Case in point: Byju’s charges around USD 300 for the whole year’s content for Grade 9, as compared to USD 80 – USD 110 per month for a home tutor.
- Trust Issues:
Due to a lack of trust in online education, people only use EdTech services over and above the traditional ones. This makes the online content priced higher making it hard to reach the masses.
- Free Free Free:
The internet offers students a plethora of academic resources that are freely accessible making it difficult to build a user-base that is willing to pay for subscriptions.
- No-Size Fits All:
Each customer (school/college/teachers/students/youth) belongs to a different demographic and economic segment, the product features they need and their bandwidth or storage requirements also vary. As such, a flat pricing structure is not feasible.
- Customer Acquisition
How do you sell studying online to students who just got free from school classes?
Unlike social media, entertainment and gaming apps and websites, youth in India spend a pretty low amount of time and money on education apps. Due to this, EdTech companies spend a large quantum of funds to penetrate into the online space of youngsters and job-seekers.
- High Advertisements Cost:
How many brick and mortar schools advertise? Traditional education providers typically spend no more than 10 percent of their revenue on acquiring customers.
In 2019, Byju’s spent a whopping 20% of their revenue on TV advertisements.
- Hello?
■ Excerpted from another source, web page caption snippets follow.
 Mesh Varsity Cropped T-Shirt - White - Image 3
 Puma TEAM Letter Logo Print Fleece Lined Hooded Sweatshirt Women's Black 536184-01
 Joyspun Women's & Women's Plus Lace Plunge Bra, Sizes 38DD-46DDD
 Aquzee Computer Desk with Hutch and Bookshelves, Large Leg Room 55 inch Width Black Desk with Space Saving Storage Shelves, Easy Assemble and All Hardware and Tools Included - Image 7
Namaste? Khamma Ghani?
India is a diversity hub catering to a variety of ethnicities, and EdTech companies face the challenge of dubbing or re-creating their content in languages that can be understood by regional audiences.
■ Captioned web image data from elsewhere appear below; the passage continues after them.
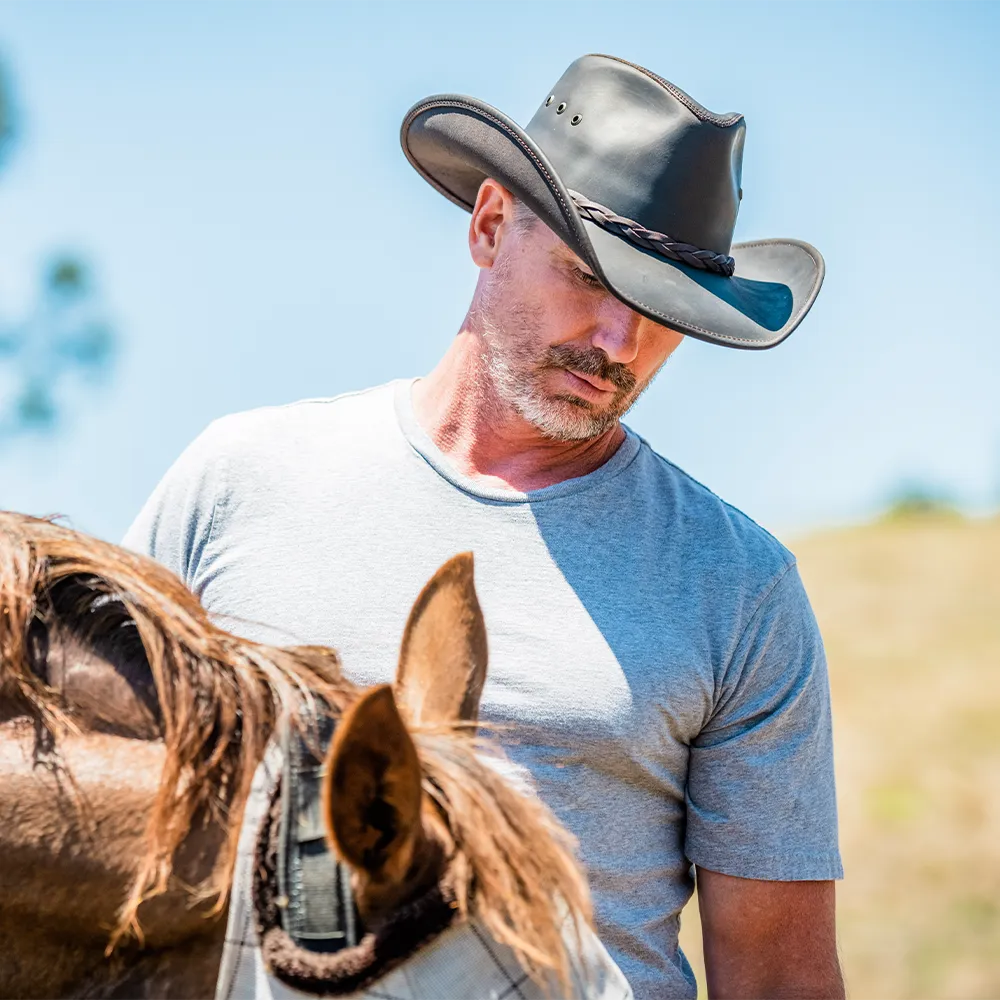 Hollywood | Mens Leather Cowboy Hat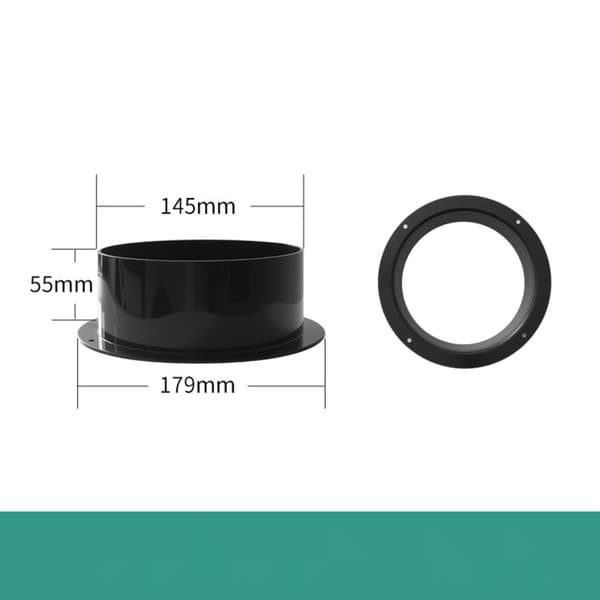 Slangeforbinder 150mm lige flange i ABS til centralventilation, emhætte og støjsvage ventilatorer, tæt forsegling og lav støj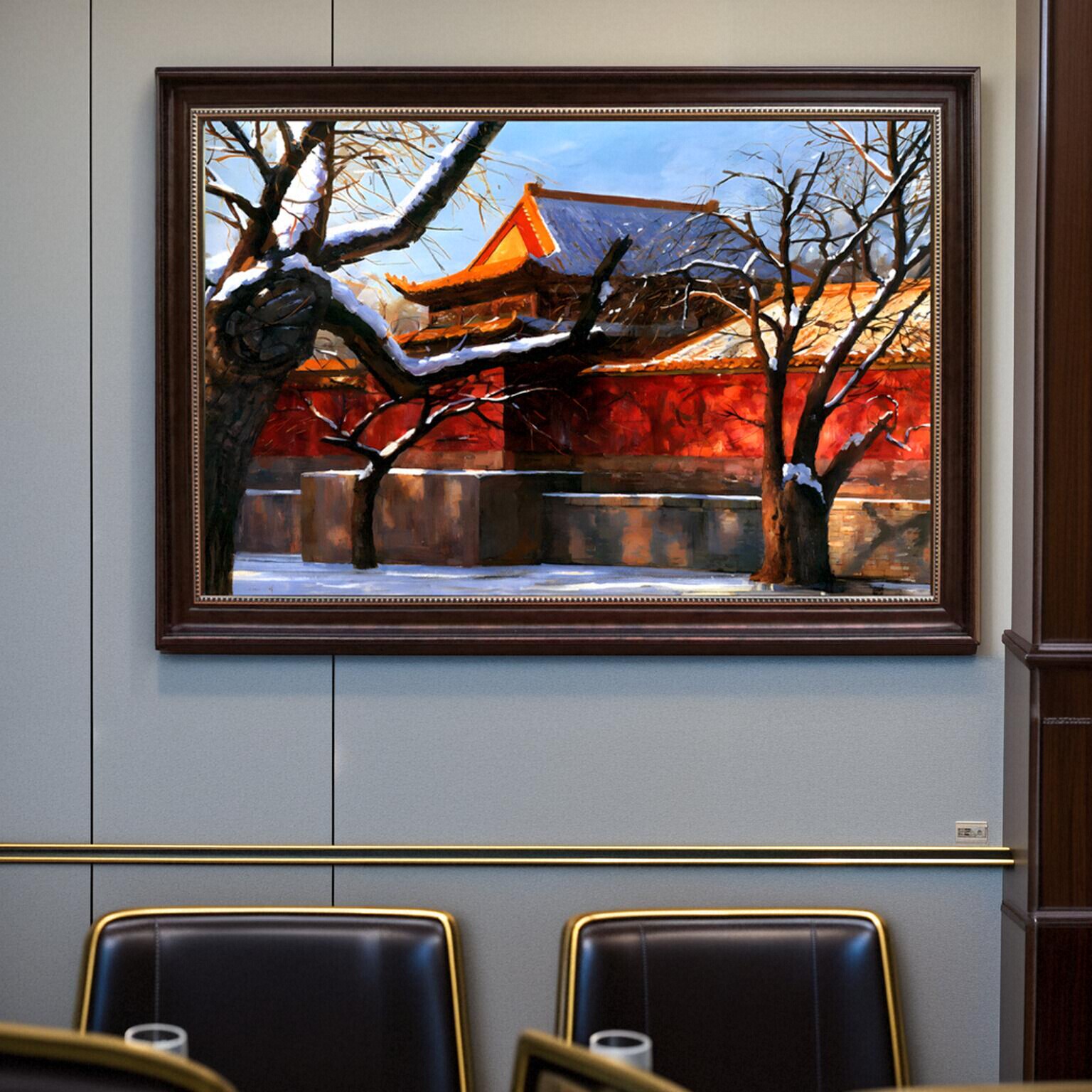 手绘油画老北京故宫雪景壁画冬天风景装饰画玄关红色围墙古树卓克图片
As such, consumer acquisition becomes a problem when online content is offered in English and Hindi and the learner population prefers its own regional language as a medium of instruction.
- Student Retention
How to make students use your app more than Among Us?
The chances of leaving your school are relatively low. Can you say the same for an app? Traditional educational institutions have a stickiness factor which means that a student once enrolled, stays in the same school for a significant period of time, thus leading to high lifetime values. The same cannot be said for digital education.
The digital medium also makes switching costs low – not having to figure out the transport, the friend circle etc.
- Loyalty Issues:
Parents and students are not brand loyal when it comes to online products and services.The lifetime of typical customers in EdTech today is low, further impacting profitability.
Viva La Vida
In mid-April, coronavirus caused nationwide school closures in 190 countries, impacting 90% of total enrolled learners, or almost 1.6 billion people globally. As the COVID-19 crisis imposes strict social distancing conditions and a lockdown on physical vicinity, traditional educational institutions have been rendered ineffective.
That’s been a major learning curve for students, parents and educators moving their teaching online and relying more on EdTech.
The future of EdTech looks promising and its growth has been fast tracked by the pandemic. As such, the EdTech industry is positioned to grow rapidly and disrupt the education sector globally.